The answer should hold only the lines from the one containing "Group standing in" through the one containing "אסלה מותקנת עם מגבת כחולה וכלי עבודה אדום" in the entries below, copied exactly, without pictures.

--------------------------------

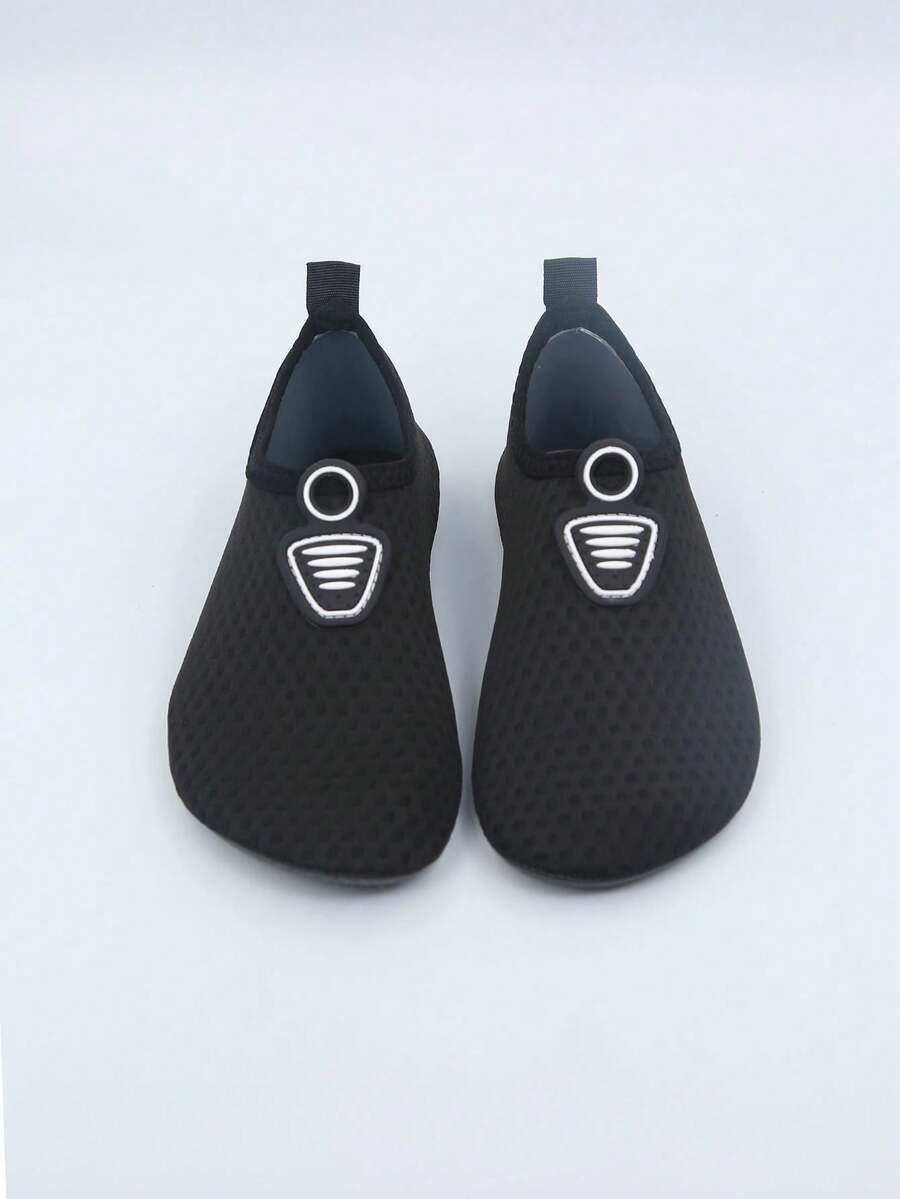 Kids black graphic water shoes with breathable Lycra upper, slip-on stretch design, and non-slip rubber outsole for boys and girls.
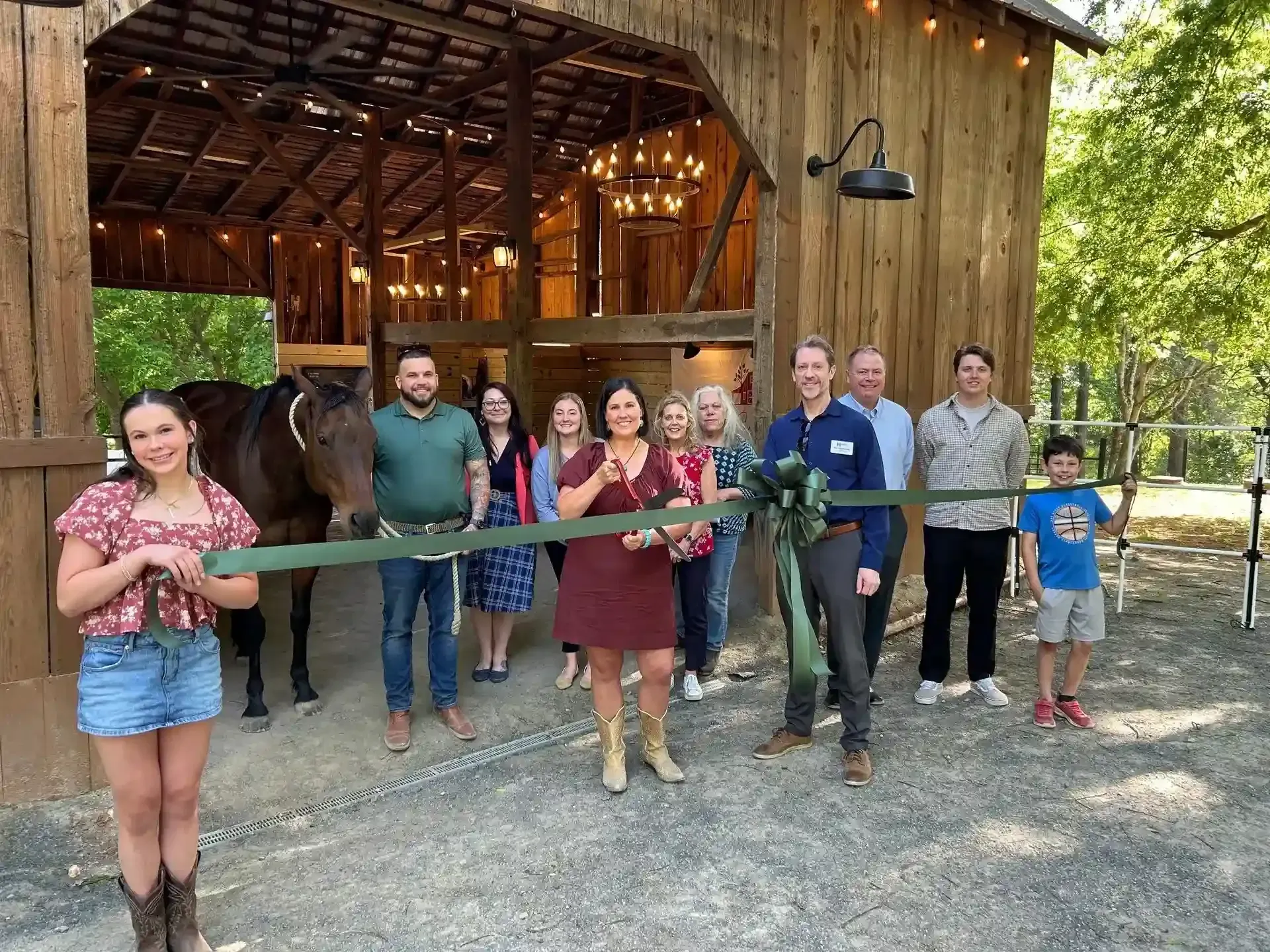 Group standing in front of a rustic barn, holding a long ribbon for a ceremonial opening.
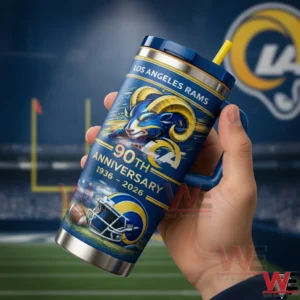 Hand holding a blue Los Angeles Rams tumbler with navy lid and yellow straw featuring a ram head graphic and Ninety Th Anniversary Nineteen Thirty Six to Two Thousand Twenty Six design in front of a stadium background.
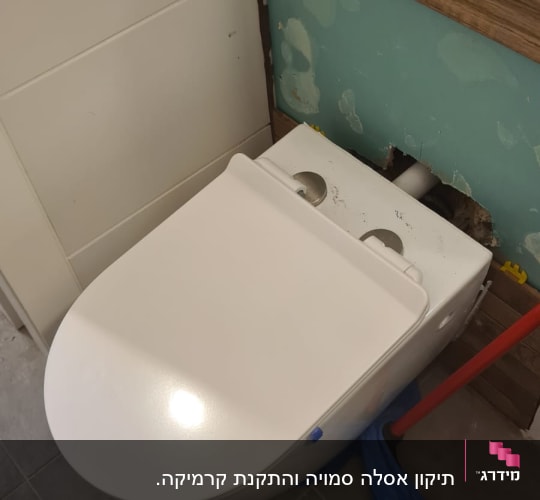 אסלה מותקנת עם מגבת כחולה וכלי עבודה אדום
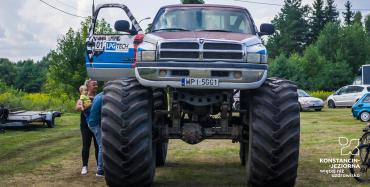 Samochód typu monster truck z wysokim zawieszeniem i bardzo dużymi kołami stoi na trawie. Mężczyzna oraz kobieta z dzieckiem na rękach oglądają samochód w środku. W tle zielone drzewa i pochmurne niebo.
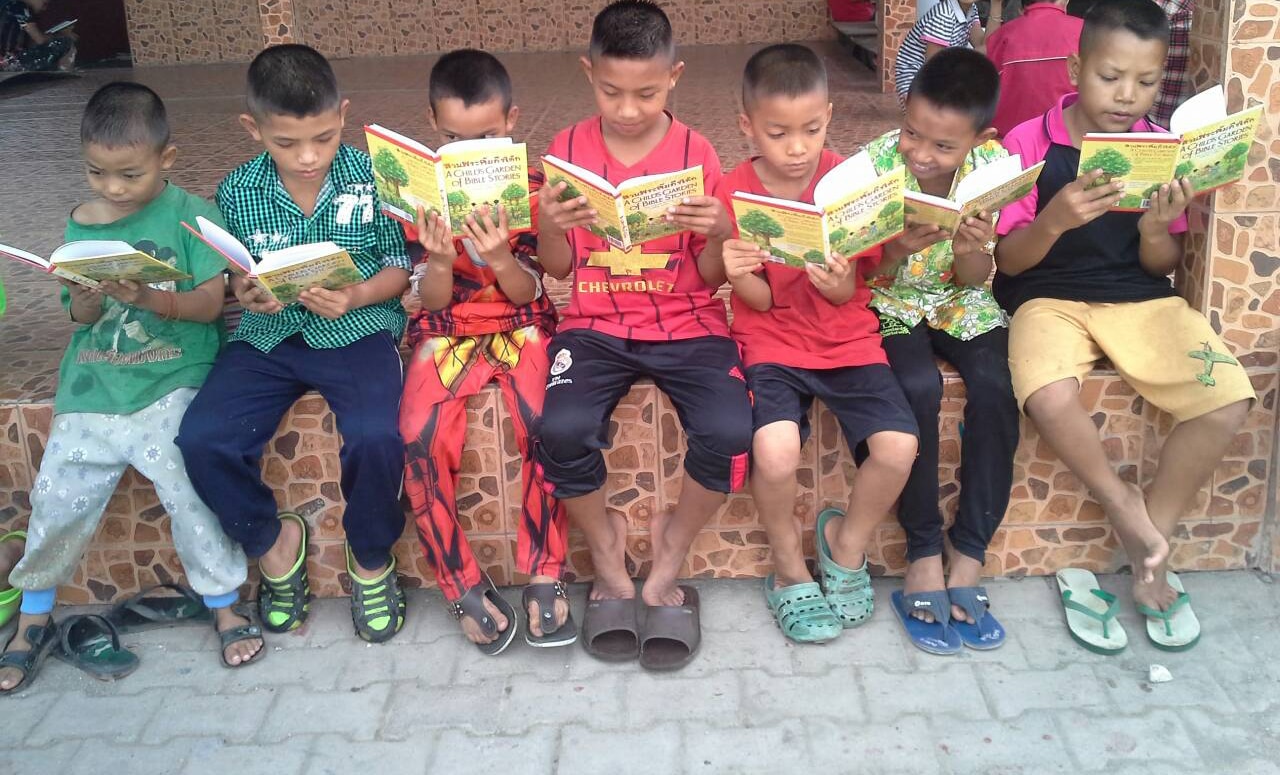 Thai boys reading A Child's Garden of Bible Stories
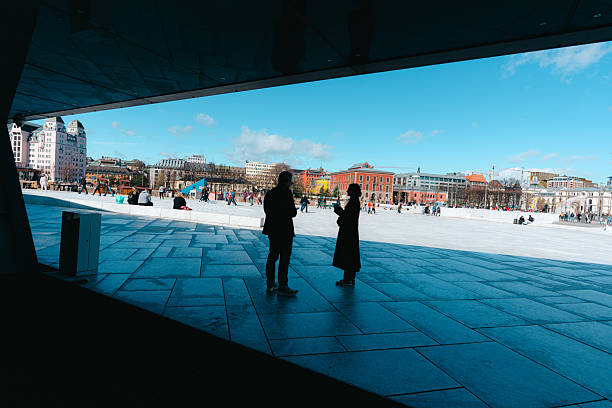 Stockholm, Sweden March 8, 2025 A person walks in the modern downtown on a sunny day.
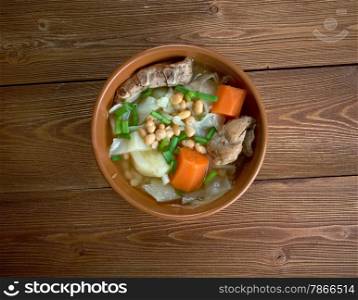 Ollada - traditional dish in Valencian.Spanish soup with pork ribs and vegetables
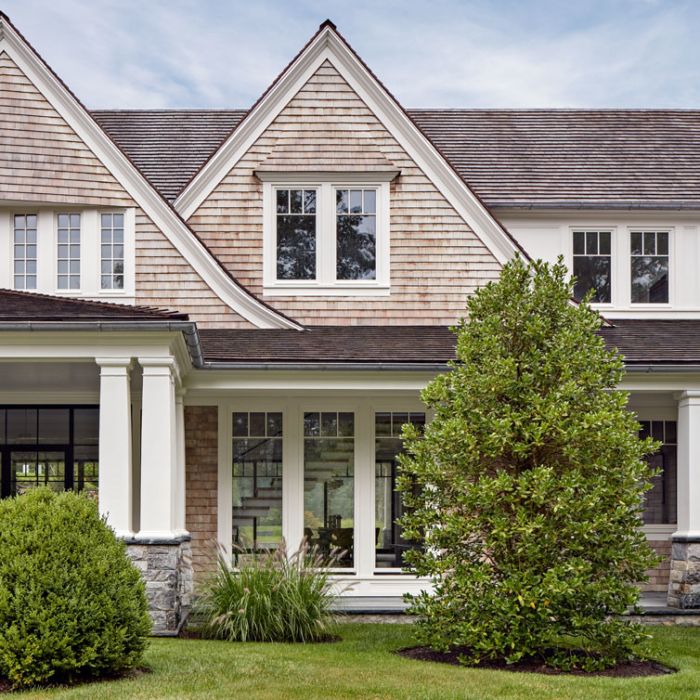 a large house with white trim and windows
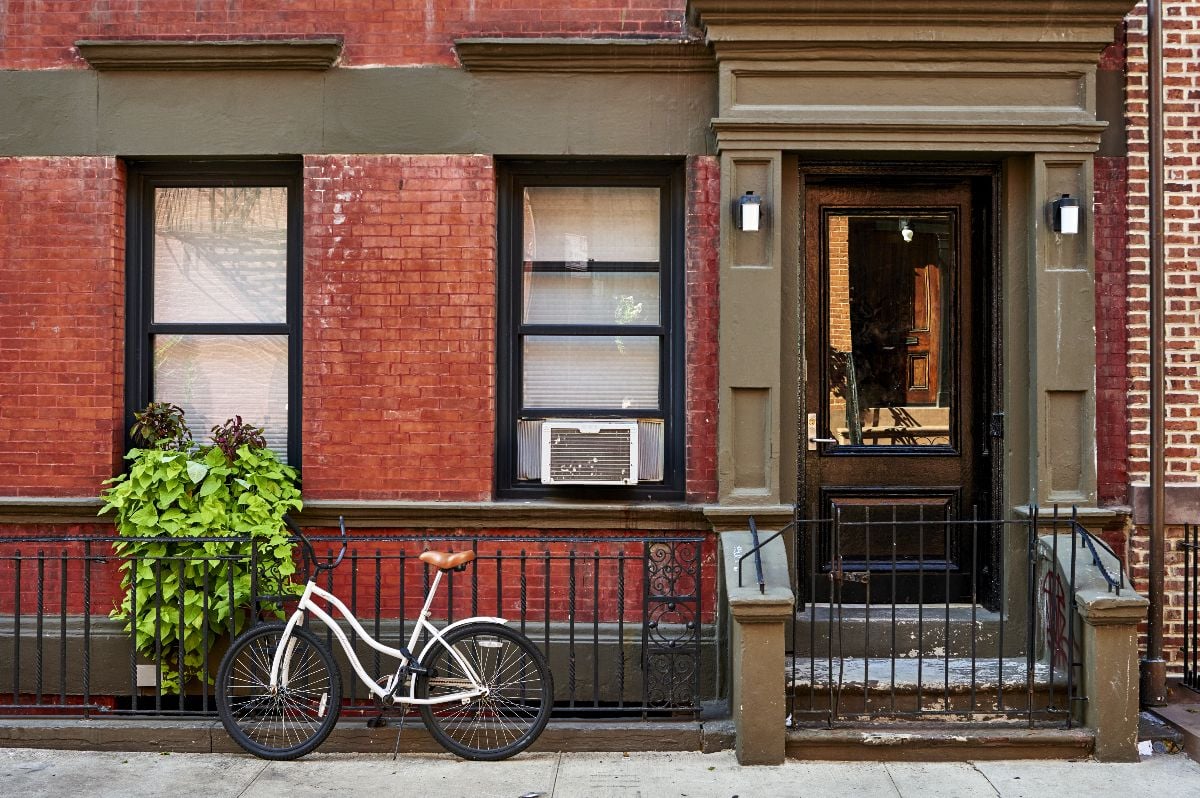 A bicycle in front of a brownstone building.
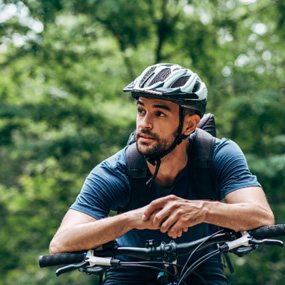 Man with helmet riding bike outside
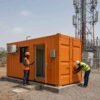 Two Indian engineers in PPE working at a Safety Orange SAMAN storage container office at the base of a telecom BTS tower with the office door open showing the internal partition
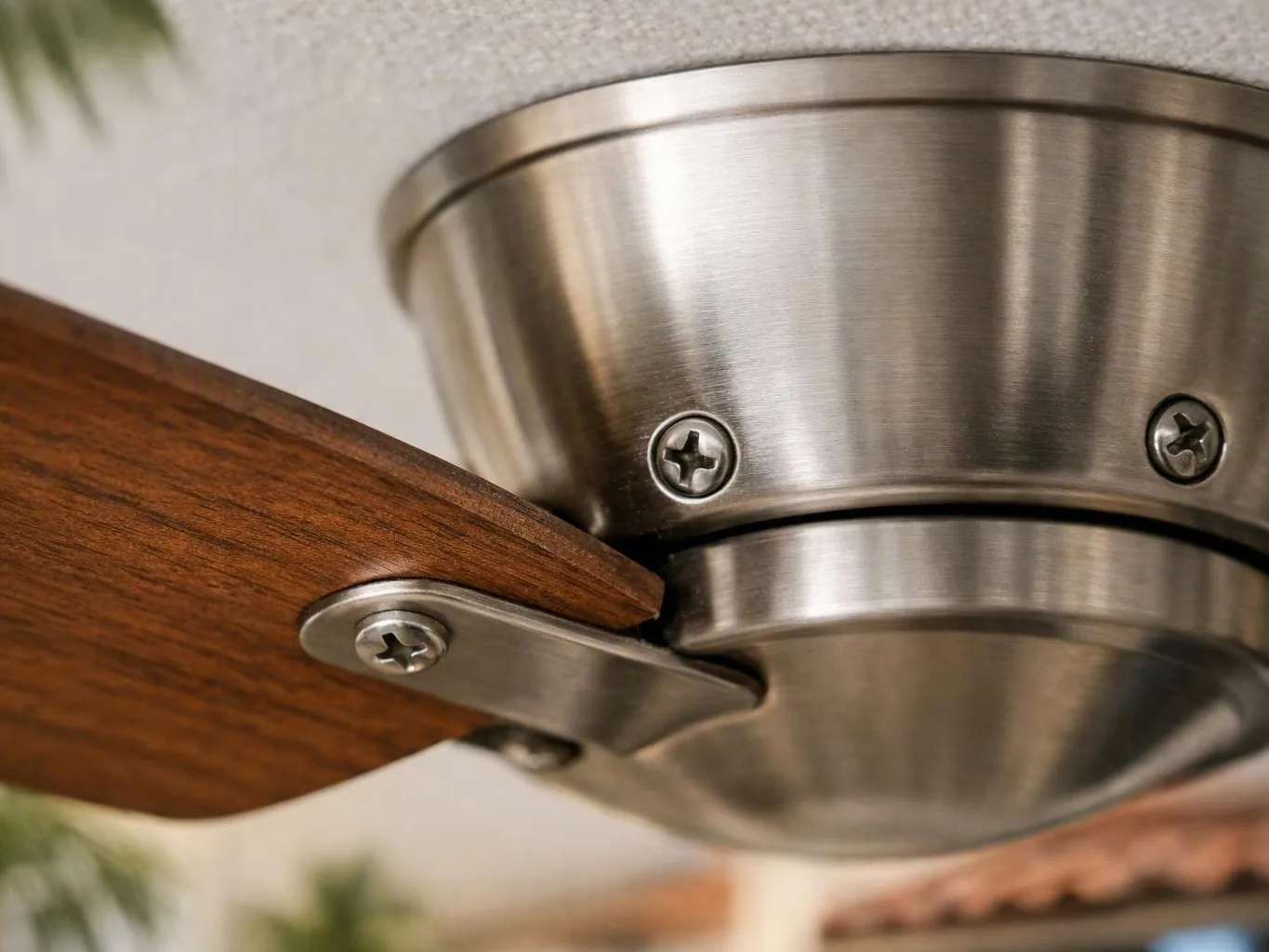 Electrician checking wiring beneath a ceiling fixture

--------------------------------

(Answer to this problem)
 Group standing in front of a rustic barn, holding a long ribbon for a ceremonial opening.
 Hand holding a blue Los Angeles Rams tumbler with navy lid and yellow straw featuring a ram head graphic and Ninety Th Anniversary Nineteen Thirty Six to Two Thousand Twenty Six design in front of a stadium background.
 אסלה מותקנת עם מגבת כחולה וכלי עבודה אדום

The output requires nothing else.